Georgetown County has an obligation to property owners when it takes money from developers to guarantee completion of infrastructure, according to the state Court of Appeals. In a ruling handed down this week, the court overturned a lower court decision in a suit filed by a property owner in the Harmony development outside Georgetown.

“The people in Harmony have been vindicated. It shows pretty clearly there was some mishandling of funds,” said Stephen Goldfinch, attorney for the property owner and a state representative whose district includes the Harmony tract.

David Repko, owner of two lots at Harmony, sued the county for negligence saying his property was worthless because Georgetown County didn’t enforce its development regulations that require developers to post a letter of credit to cover infrastructure costs.

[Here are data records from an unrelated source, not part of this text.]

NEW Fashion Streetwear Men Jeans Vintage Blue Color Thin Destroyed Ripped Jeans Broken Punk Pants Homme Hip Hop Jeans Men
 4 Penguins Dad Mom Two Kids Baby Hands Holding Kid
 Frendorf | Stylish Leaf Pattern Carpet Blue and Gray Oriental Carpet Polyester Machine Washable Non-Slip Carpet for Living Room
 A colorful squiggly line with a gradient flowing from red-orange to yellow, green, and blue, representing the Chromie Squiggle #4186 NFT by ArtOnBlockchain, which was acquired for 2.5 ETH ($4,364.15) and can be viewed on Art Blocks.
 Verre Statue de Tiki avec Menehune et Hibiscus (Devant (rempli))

Instead, Repko showed at a jury trial that county planning officials allowed the developer to reduce the letter of credit even though no infrastructure was built. After four payments to the developer between July 2006 and March 2007, the letter of credit was reduced to $156,704 even as an engineer’s report showed it would cost $1.15 million to complete the infrastructure.

The developer then went bankrupt.

Repko paid $155,000 for his two lots in 2003. The last lot sold in that portion of the development went for $500. He sought damages in his 2012 suit, but didn’t ask to have the county complete the infrastructure.

In 2013, Judge Ben Culbertson issued a directed verdict for the county after its attorneys argued that the county development regulation specifically waived any liability. The appeals court said that was an error.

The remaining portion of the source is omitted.